Best Practices

Configuration

Keep one source of truth in .env or a secret manager.
Use browser-reachable URLs for dashboard VITE_CDNLITE_CORE_URL and VITE_CDNLITE_EDGE_URL.
Keep CI on the root docker-compose.yml.
Use the powerdns profile for DNS tests instead of live DNS mutation.
Keep CDNLITE_CACHE_DEFAULT_TTL=1s for stable cache e2e assertions.

Security

Disable admin and edge bootstrap outside local development.
Register unique edge tokens per node.
Rotate tokens on a schedule.
Avoid VITE_CDNLITE_API_TOKEN in public dashboards.
Restrict PostgreSQL and PowerDNS ports.
Review audit and security events after every rule change.

Domains And DNS

Keep mail, verification, and non-HTTP records DNS-only.
Proxy only HTTP/HTTPS records intended for the CDN.
Verify nameserver delegation before activation.
Use low TTLs during migration and higher TTLs after stability.
Test Geo DNS and anycast routing with previews before traffic cutover.

Origins

Configure primary and backup origins when availability matters.
Run manual health checks after adding origins.
Keep origin shield headers secret and rotate if exposed.
Prefer HTTPS origins when possible.

Cache

Start with conservative TTLs.
Purge by URL or prefix before using everything.
Review cache analytics after rule changes.
Keep query-string behavior explicit for apps with signed URLs or tracking parameters.

Rules

Use log-only WAF rules before blocking broad patterns.
Keep rate limits scoped to high-risk paths first.
Use IP block rules for clear abuse; avoid overbroad CIDRs.
Add security headers through presets, then tighten CSP after testing.

Operations

Make one change at a time.
Capture config snapshot versions before risky edits.
Run readiness after settings, DNS, SSL, or edge changes.
Use smoke/e2e scripts before releases.
Store incident notes and dashboard exports alongside release notes.
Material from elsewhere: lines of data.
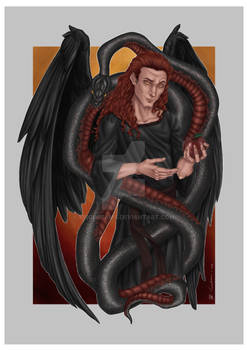 Crowley the Seducer - Serpent of Eden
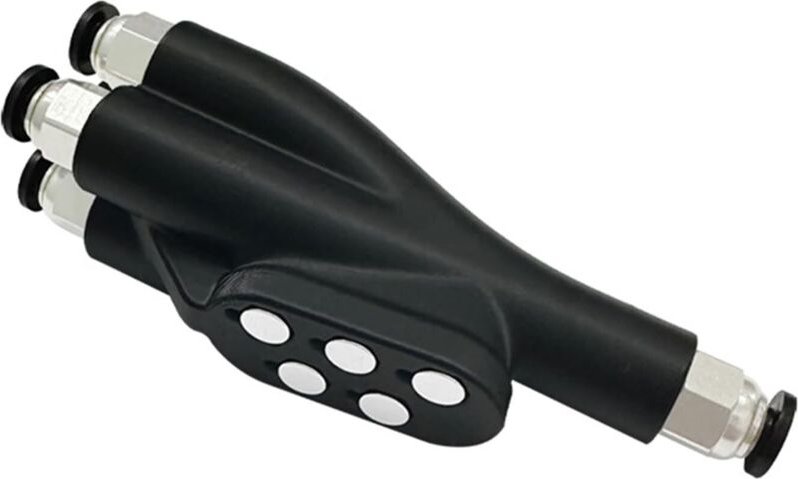 Professioneller 4-in-1-PTFE-Adapter 3D-Drucker Filamentkanalrohr 4-Zuführmodul 4-in-1-PTFE-Adapter-Ersatz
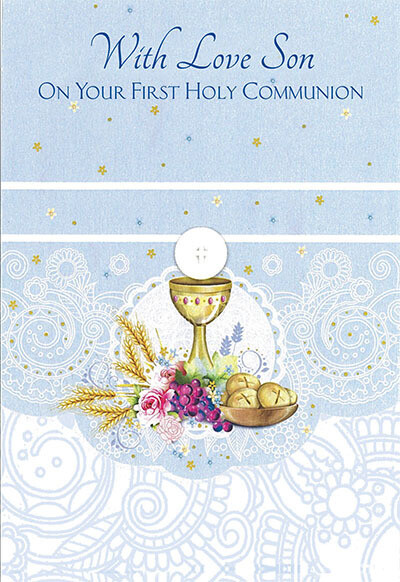 With Love Son First Communion 89063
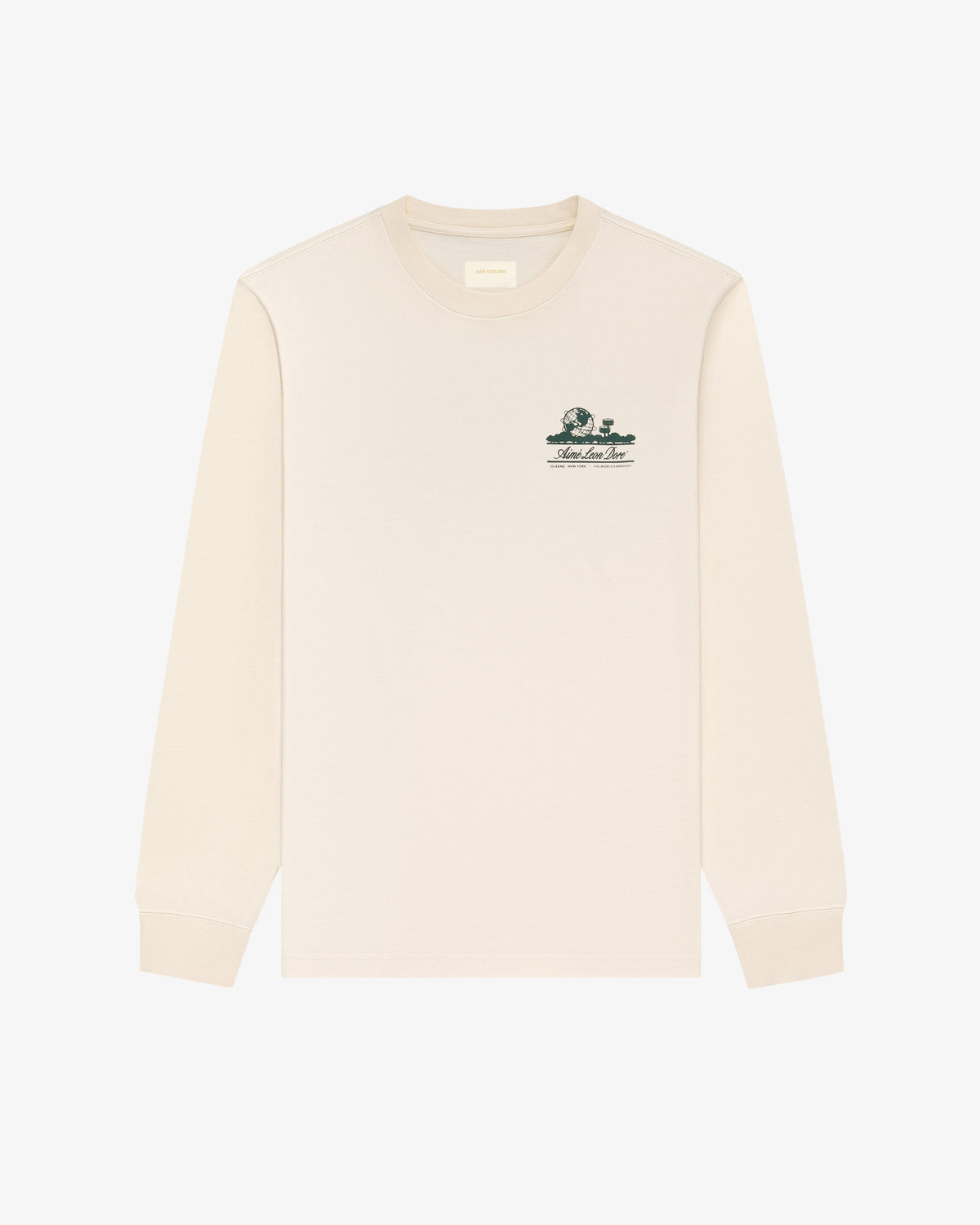 Aimé Leon Dore Pristine Long-Sleeve Unisphere Tee Clothing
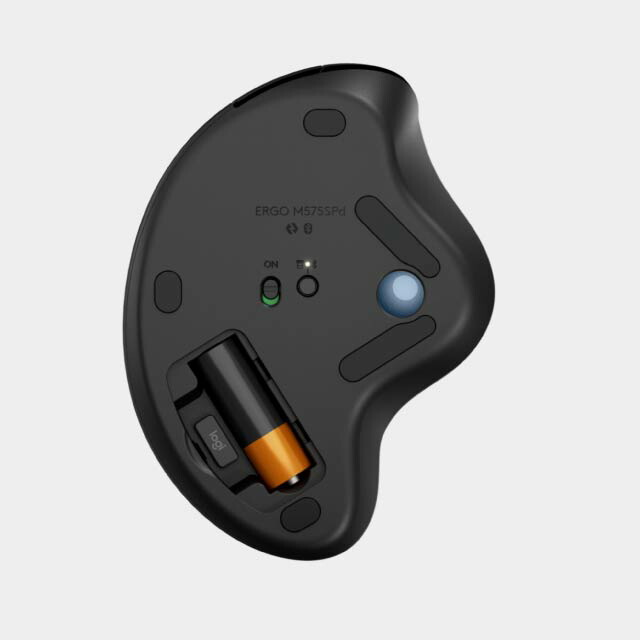 楽天市場】ロジクール ERGO M575SPd ブラック Logicool M575S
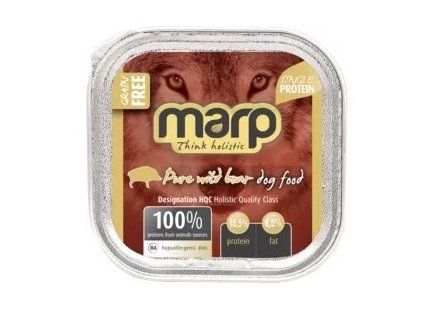 150 marp wild boar vanicka pre psov s diviakom 100g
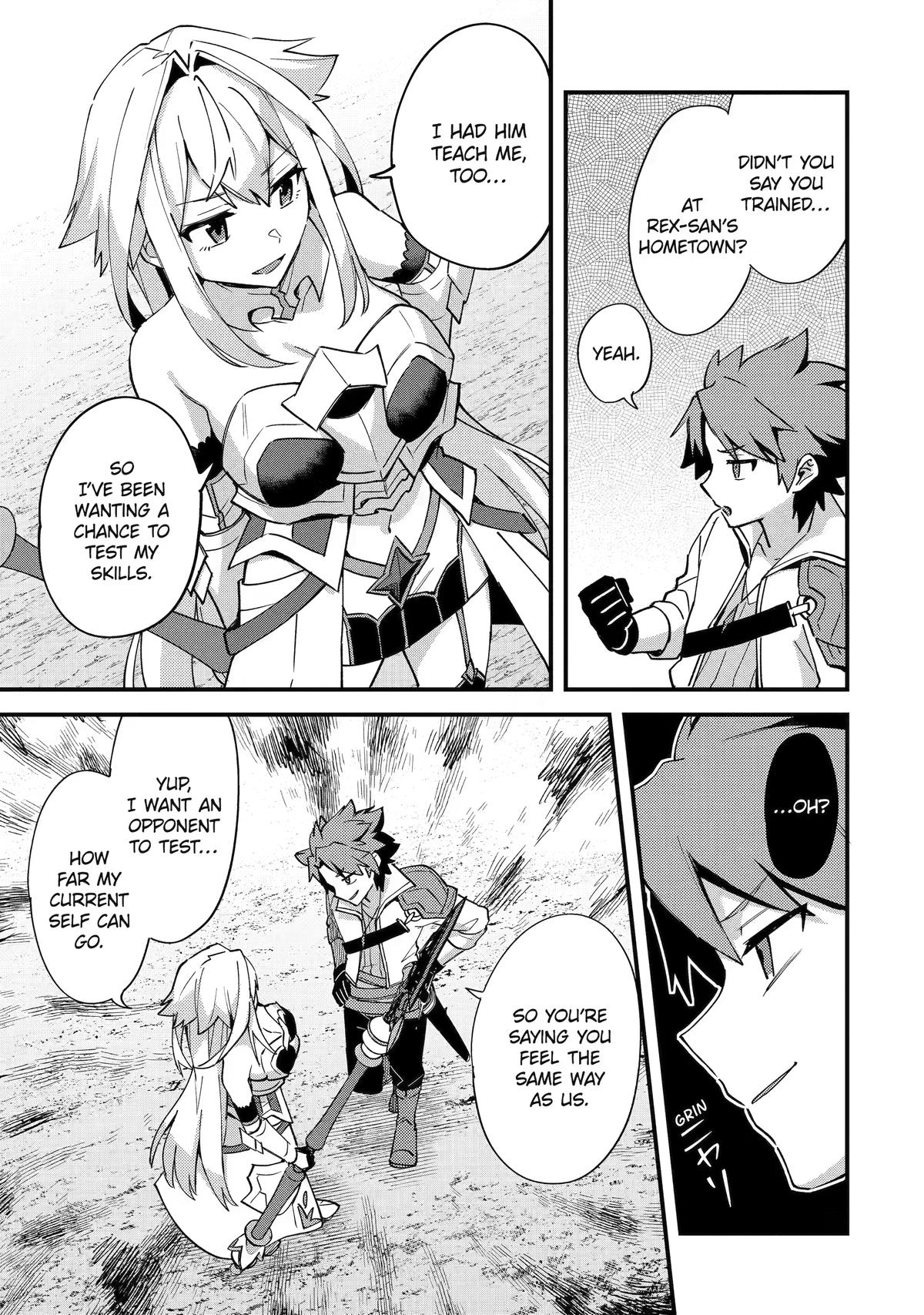 Nido Tensei shita Shounen wa S-Rank Boukensha Toshite Heion ni Sugosu Chap 53 - Next Chap 54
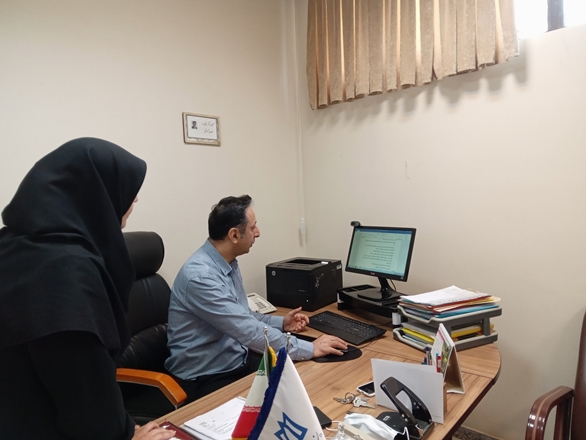 ارزیابی گروه علوم آزمایشگاهی از گروه رادیولوژی به منظور آمادگی برای بازدید هیات بورد 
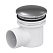 Сифон для душевого поддона RGW Velplex QYD-02 18241102-01 хром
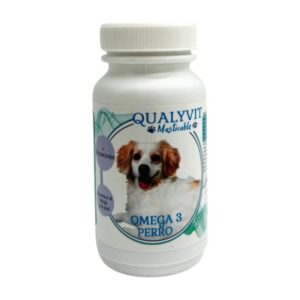 QUALYVIT OMEGA 3 PERROS - Comprimido masticable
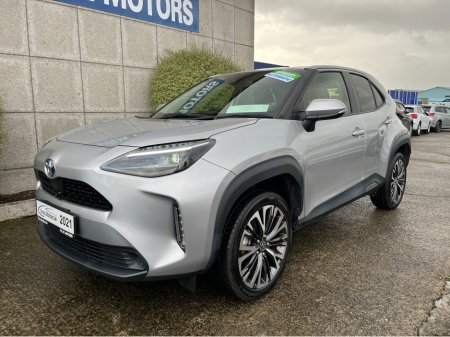 2021 Toyota Yaris Cross Z AUTOMATIC HYBRID 1.5 PETROL €23,950 thumbnail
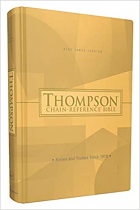 KJV THOMPSON CHAIN REFERENCE BIBLE HB 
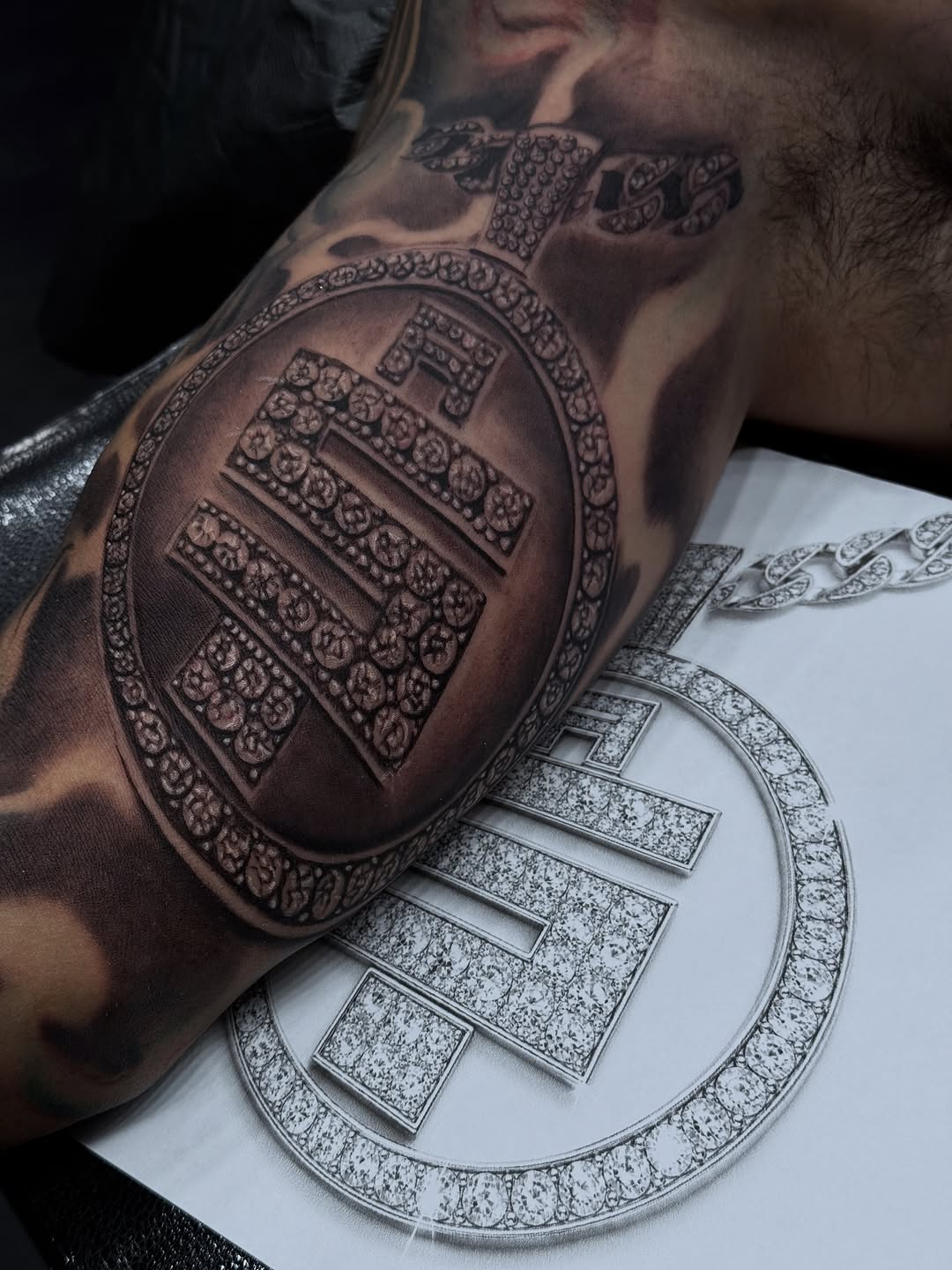 Tattoo by @mayleninks — realism, black_and_grey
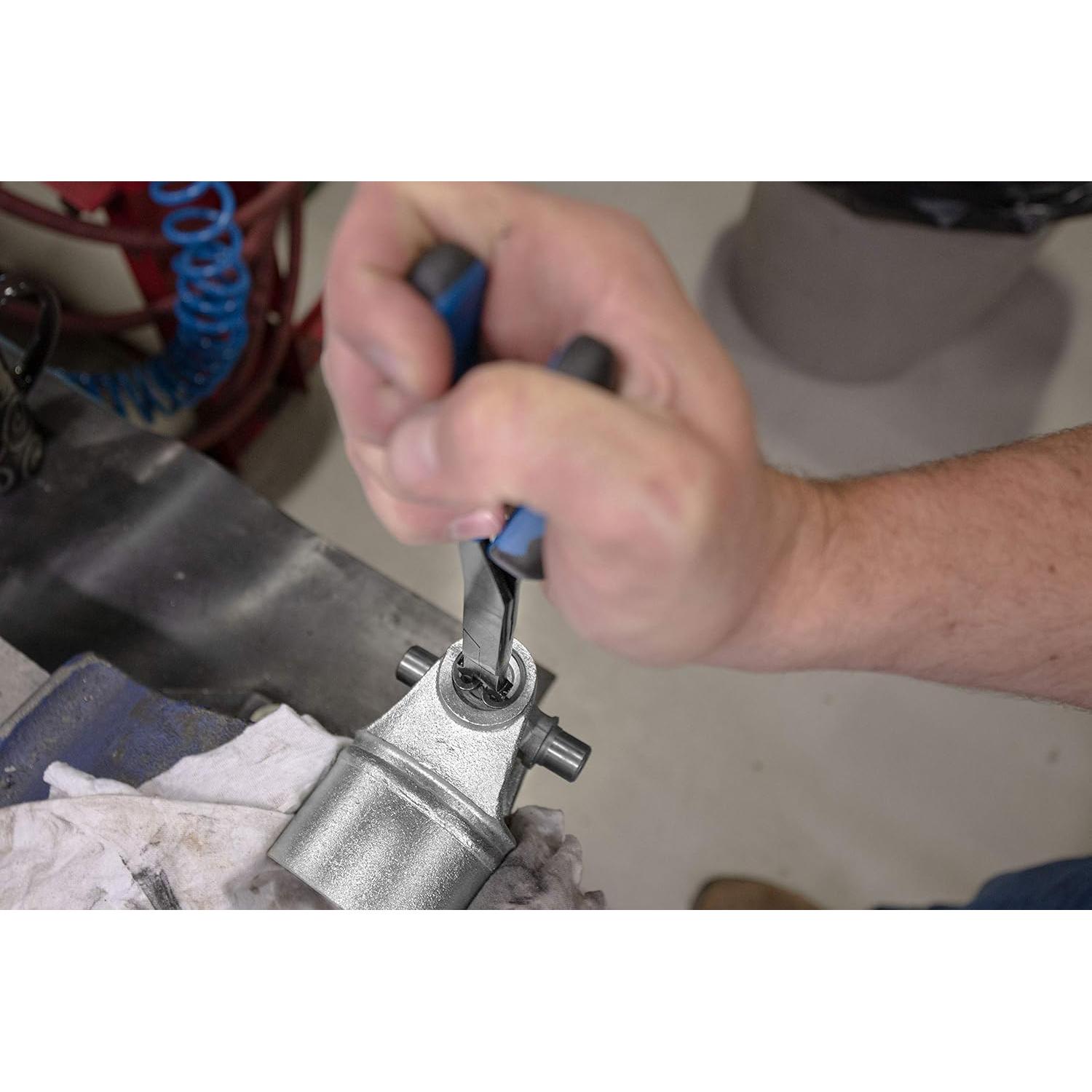 Pinzas de anillo de snap Tiger Tool 70300 para vehículos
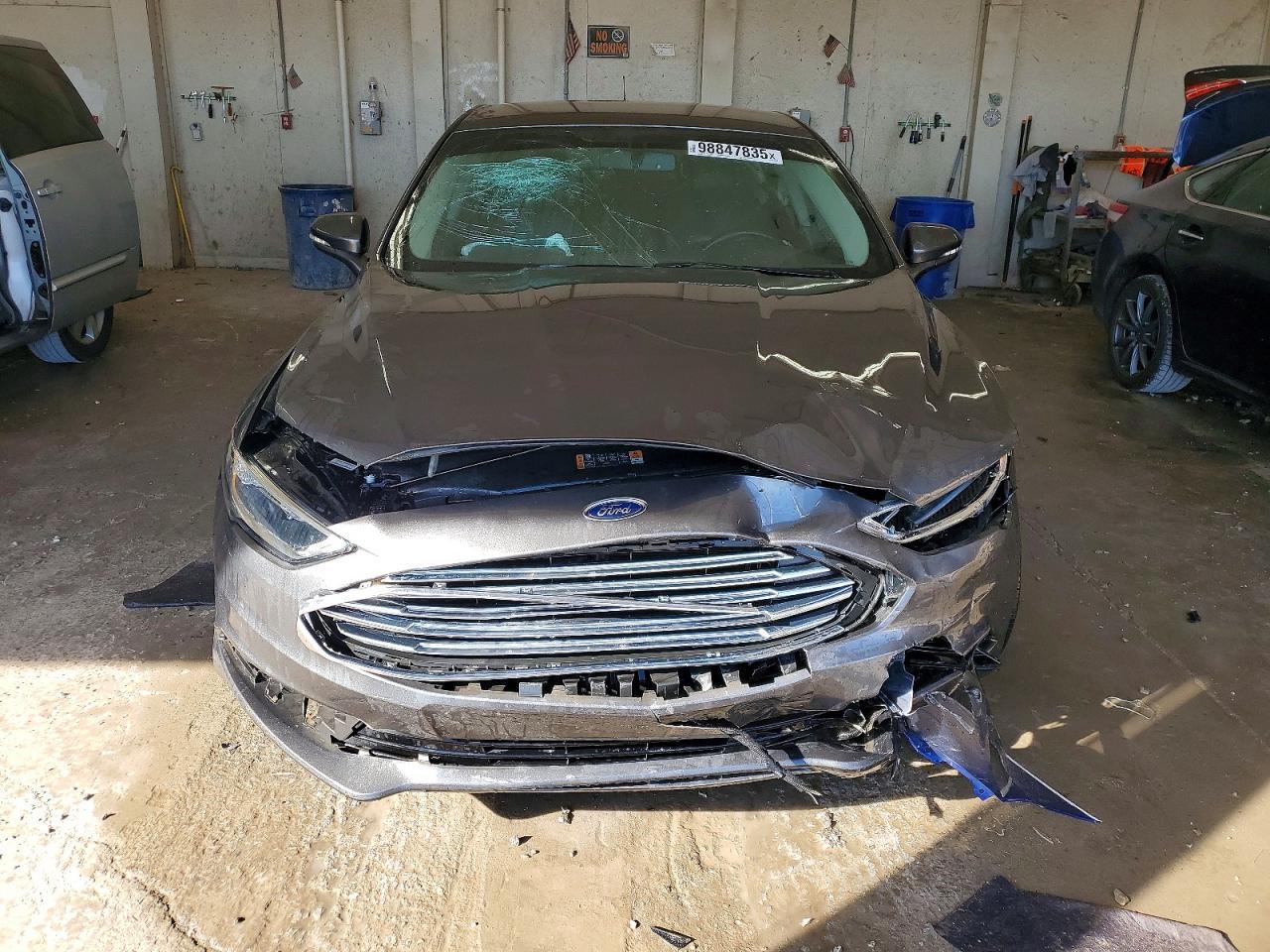 2018 Ford Fusion se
Configuration Review Checklist

Area	Question
API auth	Is `CDNLITE_API_TOKEN` set outside local development?
Dashboard	Are `VITE_*` URLs reachable from the browser?
CORS	Does `CDNLITE_CORS_ALLOWED_ORIGINS` include only expected dashboard origins?
SSL	Is `CDNLITE_SSL_SECRET_KEY` long, private, and stable?
Edge	Does every edge have a unique ID and token?
DNS	Are PowerDNS settings tested after every change?

Token Handling

Generate edge tokens with high entropy.
Store raw tokens only in secret managers or edge environment files.
Store token rotation steps in the operations runbook.
Rotate one edge at a time and confirm heartbeat before rotating the next.
Never paste tokens into dashboard screenshots or public issue comments.

DNS Migration Pattern

Inventory existing DNS records.
Classify records as proxied or DNS-only.
Lower TTL at the old provider.
Create CDNLite records.
Validate records through the API and, when enabled, PowerDNS.
Delegate nameservers.
Activate the domain.
Watch traffic, errors, and cache analytics.
Raise TTL only after stability.

Origin Design

Use a health-check path that exercises the application, not just the load balancer.
Keep backup origins warm enough to accept sudden traffic.
Use clear names for origins so incident notes can say exactly which origin served traffic.
Document whether the origin expects the original host header or an origin-specific host.

Cache Safety Table

Situation	Safer setting
Login/session pages	Bypass or very short TTL.
Static versioned assets	Long TTL plus prefix purge.
Search pages	Respect query strings.
Marketing pages	Moderate TTL and URL purge.
API responses	Cache only after explicit review.

Rule Review Questions

What exact traffic should match?
What legitimate traffic could also match?
Is there a log-only or disabled warmup phase?
How will rollback be performed?
Which dashboard view proves the rule is working?
Which metric proves it is not causing harm?

Daily Checks

Core /ready is healthy.
Edge nodes have recent heartbeat times.
Config snapshot age is acceptable.
Origin health is current.
Security events are reviewed for new patterns.
SSL certificates are not close to expiry.
Cache analytics are not showing unexpected bypass spikes.

Release Checks

docker compose config --quiet
PHP lint for changed PHP files.
Shell syntax checks for changed shell scripts.
pytest -q core/tests for core behavior.
Dashboard typecheck, unit tests, and build for frontend behavior.
VitePress docs build for docs changes.
Smoke/e2e when runtime behavior changes.

Developer Experience

Keep OpenAPI examples in sync with route changes.
Prefer stable error codes over prose-only errors.
Add request examples for every new workflow.
Document operational side effects, not just request fields.
When adding a new dashboard view, document the API route family it depends on.